▶ _Your task_:
Return, exactly as written, the lines of the material from its top through the line with "Vicolo con due", keeping pictures out.

▶ _Given data_:
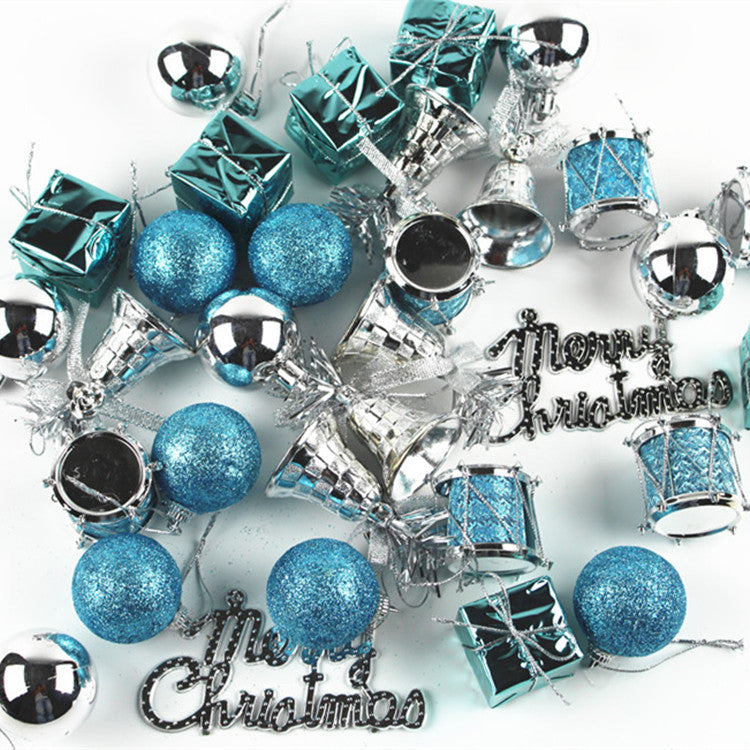 Blue and silver butterfly ornament pendant arrangement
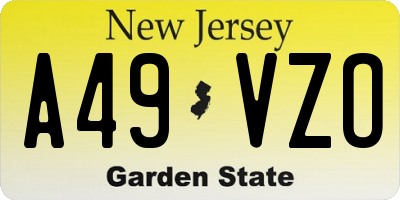 NJ license plate A49VZO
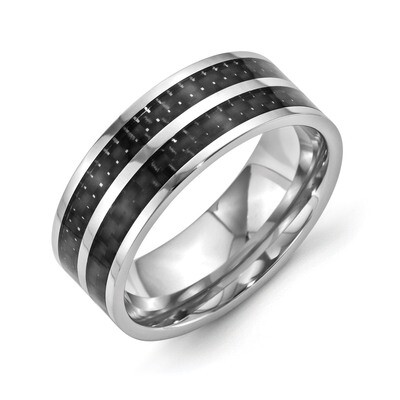 8mm Double Row Black Carbon Fiber Inlay Polished Band - Stainless Steel SR336 by Chisel, MPN: SR336…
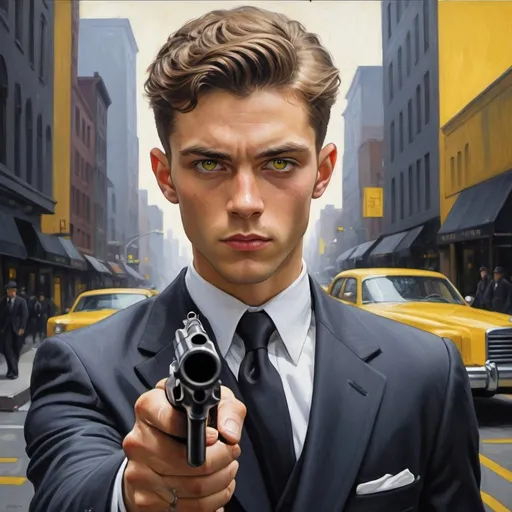 Prompt: a very handsome, young man, white, early twenties, man in a suit holding a gun in his hand and looking at the camera with a serious look on his face,  eyes very  large, feline shaped, bright yellow irises, Christopher Perkins, precisionism, promotional image, a photorealistic painting,, left pointer figure on trigger, dark city street background, no flowers in background


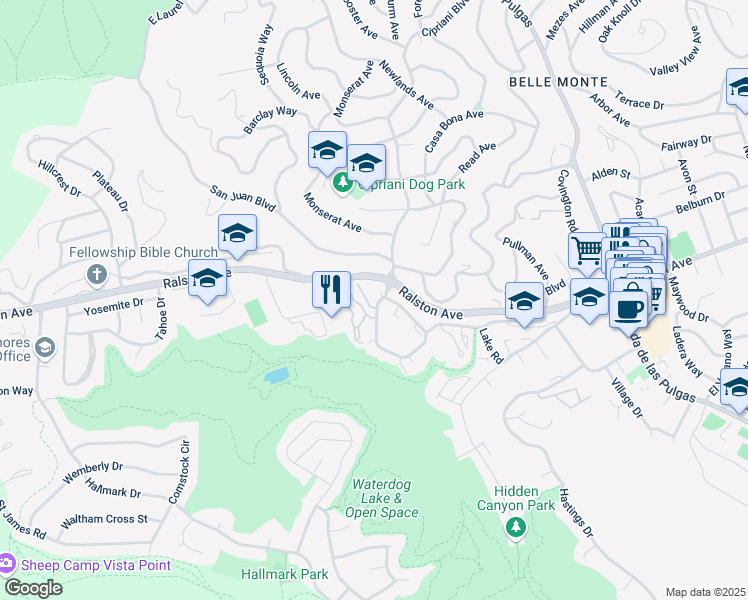 map of restaurants, bars, coffee shops, grocery stores, and more near 30 Arroyo View Circle in Belmont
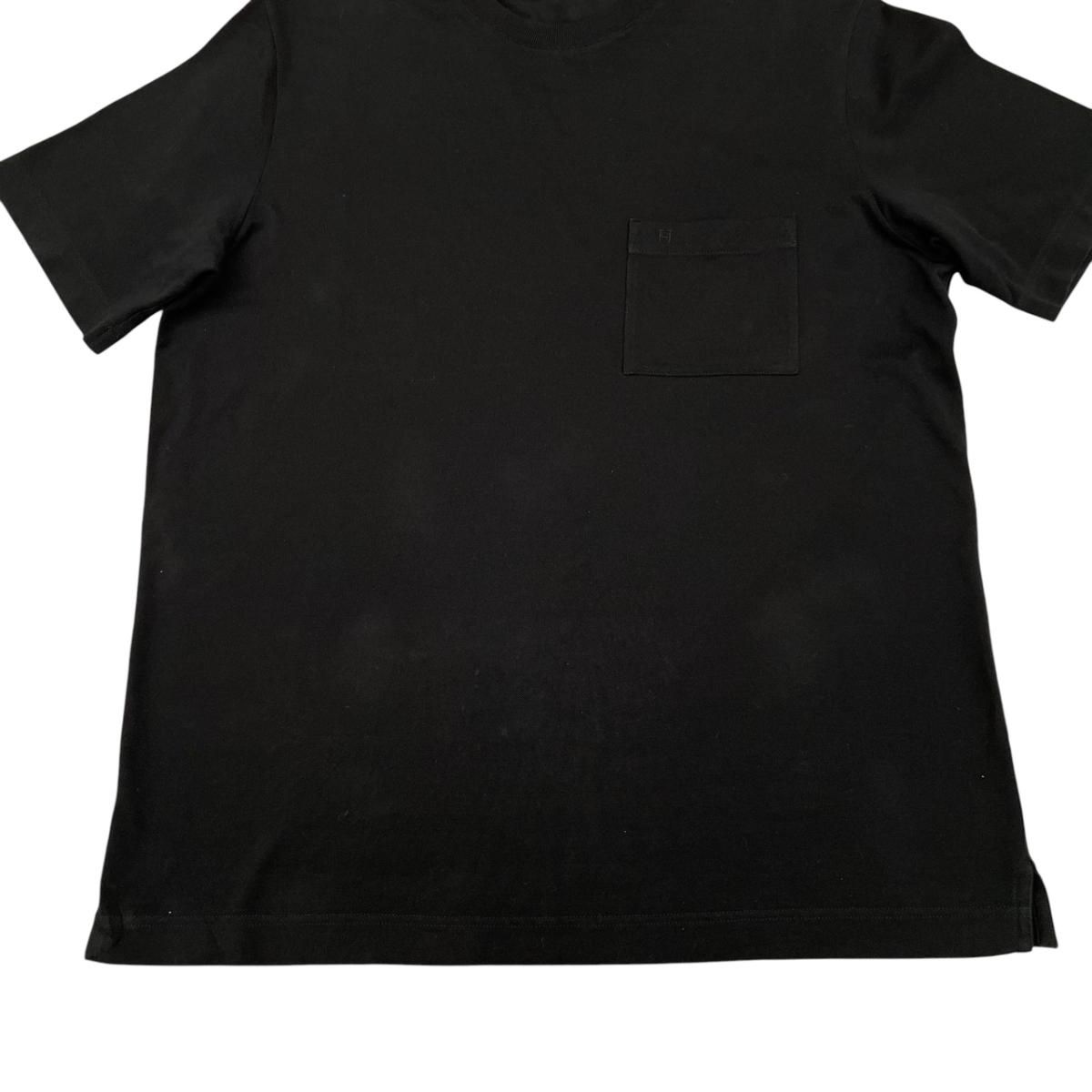 Hermes Embroidery Cotton Pique Crew Neck T-Shirt Black Short Sleeve Top — view 4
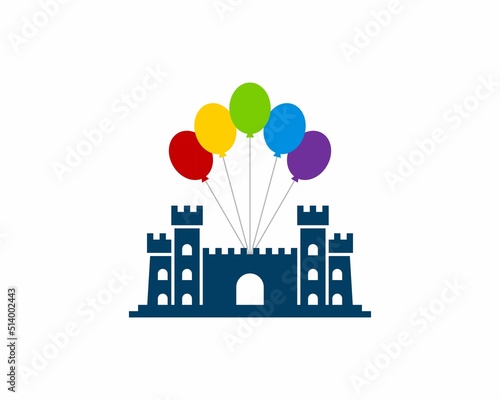 Balloon on the fortress castle vector logo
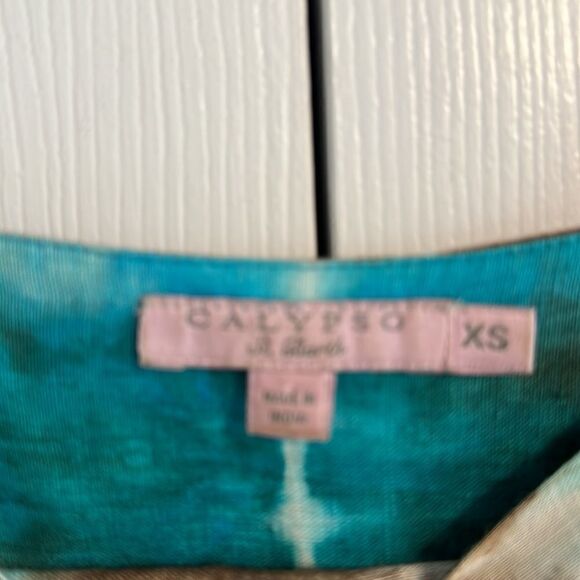 Calypso St. Barth Brown & Turquoise Square Neck Tank Dress - Picture 5 of 6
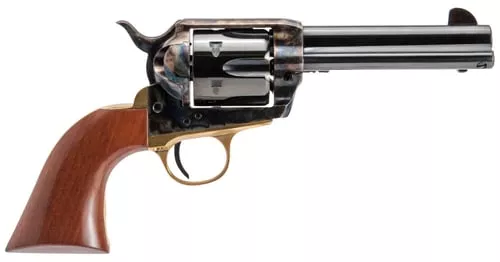 Cimarron PPP9MM Pistolero9mm Luger 6 Shot, 4.75" Blued Barrel & Cylinder, Color Case Hardened Frame, Walnut Grip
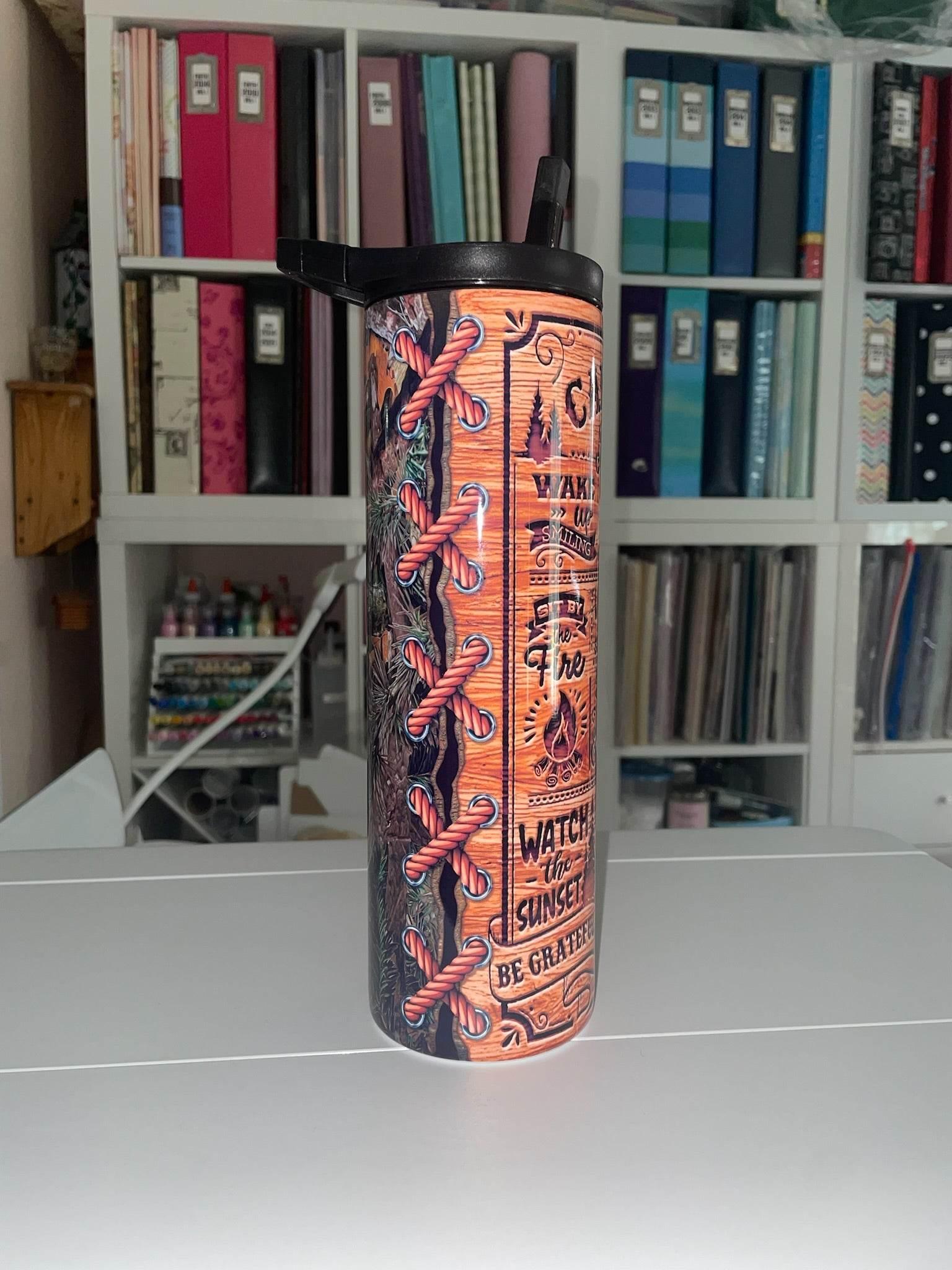 30 oz Duo Lid Camping Rules Woodgrain Tumbler - The Redheaded StoryKeeper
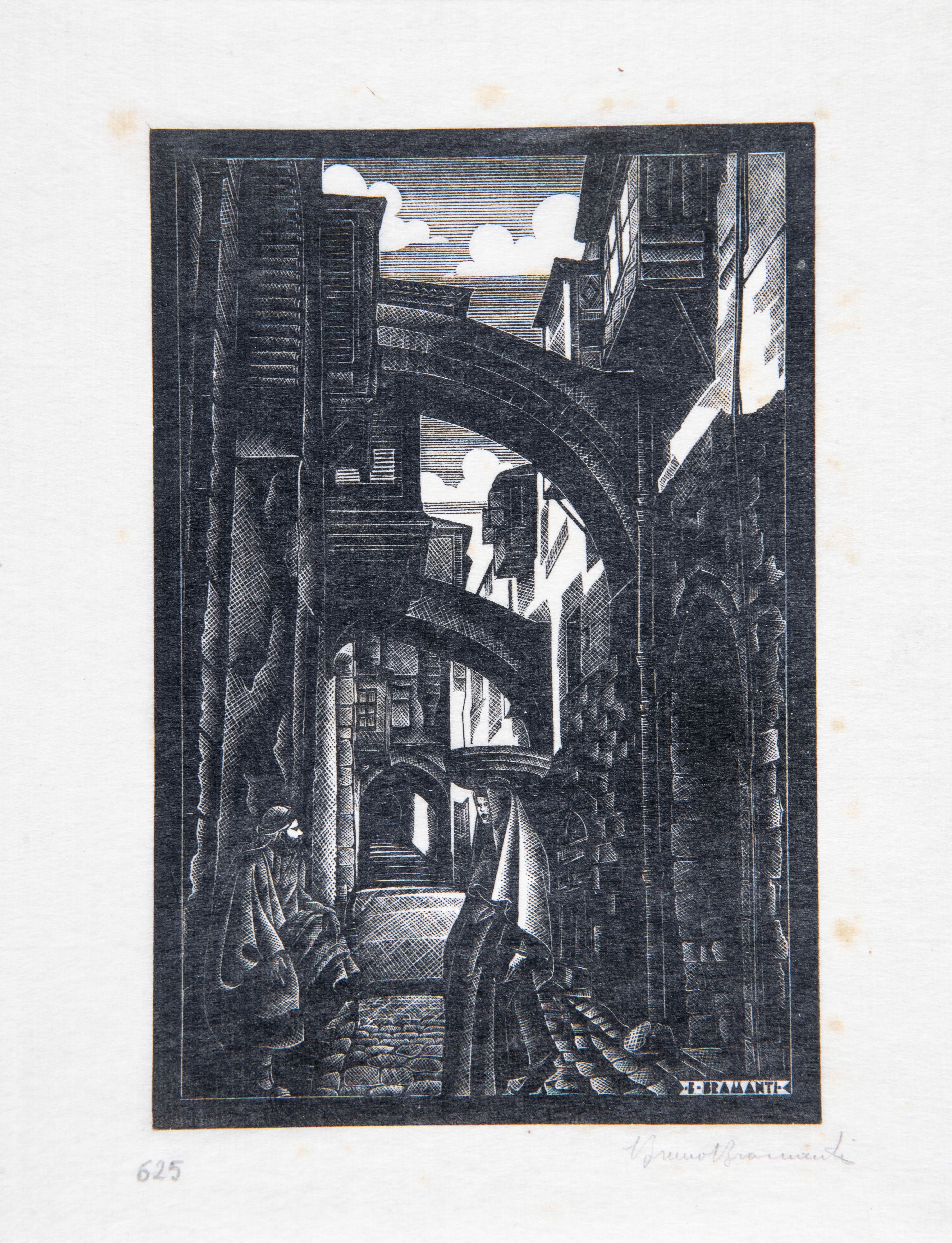 Vicolo con due figure, veduta di città (stampa) di Bramanti, Bruno (anni trenta XX)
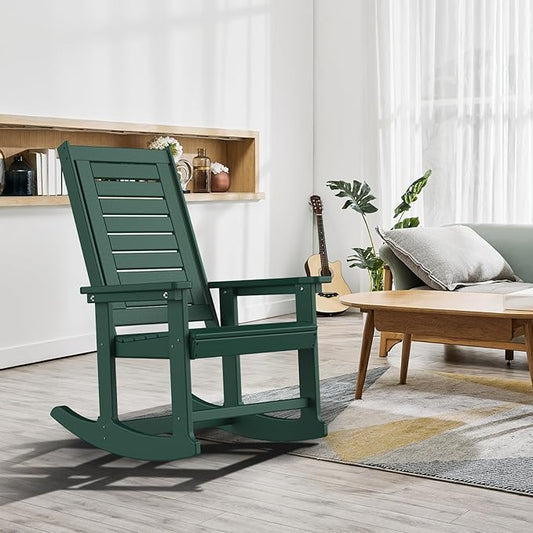 GREENVINES Outdoor Rocking Chairs | Porch Rocker | HDPE Plastic | Forest | Oversized Rockers | High Back | Big & Tall | Ladder Back | for Patio Outside Backyard Balcony Garden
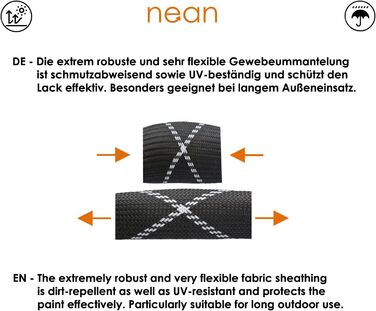 Ланцюговий замок для велосипеда nean, загартована квадратна сталь, 8x8x900 мм, чорний, з 2 ключами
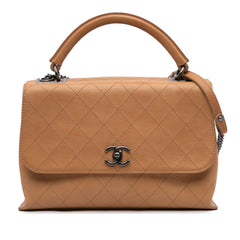 Large Calfskin Stitched Urban Luxury Top Handle Bag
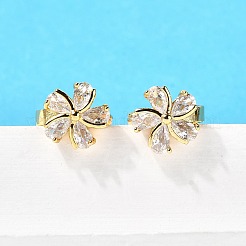 花の真鍮フープピアス  クリアキュービックジルコニア  18KGP本金メッキ  13x11x15mm&nbsp;EJEW-S256-01B-G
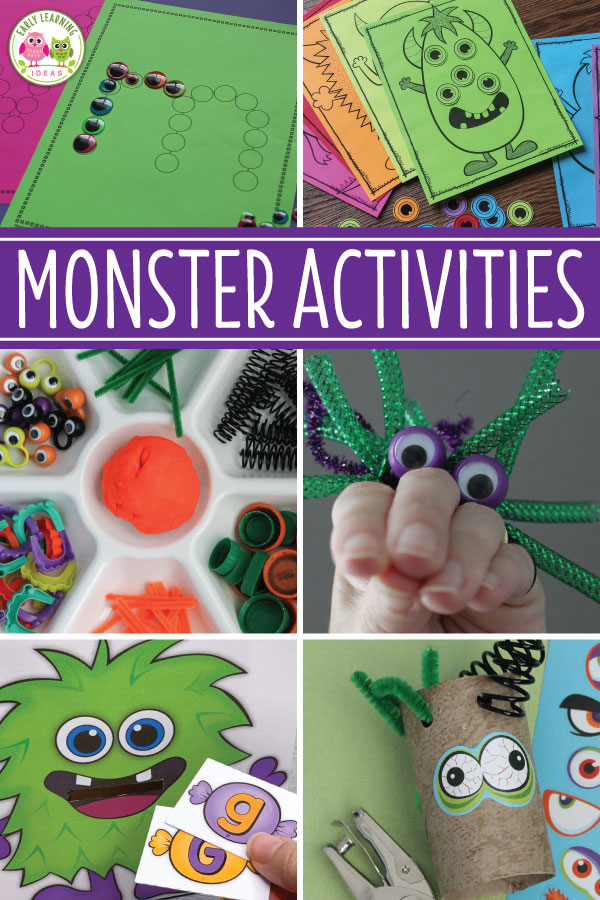 Check out all of these monster ideas for your kids. Here are fun learning activities that you can add to your monster theme, Halloween theme, or October theme unit and lesson plans. From process art and letter activities to math game printables and fine motor craft activities, your kids love these learning centers. Perfect for #preschool & #prek. Get out the play dough and the googly eyes for some monster fun. #monsteractivities #halloweenactivities #finemotoractivities #halloweenmath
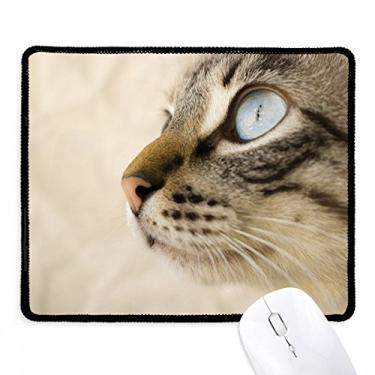 Imagem de Mousepad para foto cinza Animal Blue Eye Kitten Tapete de borracha para jogos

▶ _Solution for this exercise_:
 Blue and silver butterfly ornament pendant arrangement
 NJ license plate A49VZO
 8mm Double Row Black Carbon Fiber Inlay Polished Band - Stainless Steel SR336 by Chisel, MPN: SR336…
 Prompt: a very handsome, young man, white, early twenties, man in a suit holding a gun in his hand and looking at the camera with a serious look on his face,  eyes very  large, feline shaped, bright yellow irises, Christopher Perkins, precisionism, promotional image, a photorealistic painting,, left pointer figure on trigger, dark city street background, no flowers in background


 map of restaurants, bars, coffee shops, grocery stores, and more near 30 Arroyo View Circle in Belmont
 Hermes Embroidery Cotton Pique Crew Neck T-Shirt Black Short Sleeve Top — view 4
 Balloon on the fortress castle vector logo
 Calypso St. Barth Brown & Turquoise Square Neck Tank Dress - Picture 5 of 6
 Cimarron PPP9MM Pistolero9mm Luger 6 Shot, 4.75" Blued Barrel & Cylinder, Color Case Hardened Frame, Walnut Grip
 30 oz Duo Lid Camping Rules Woodgrain Tumbler - The Redheaded StoryKeeper
 Vicolo con due figure, veduta di città (stampa) di Bramanti, Bruno (anni trenta XX)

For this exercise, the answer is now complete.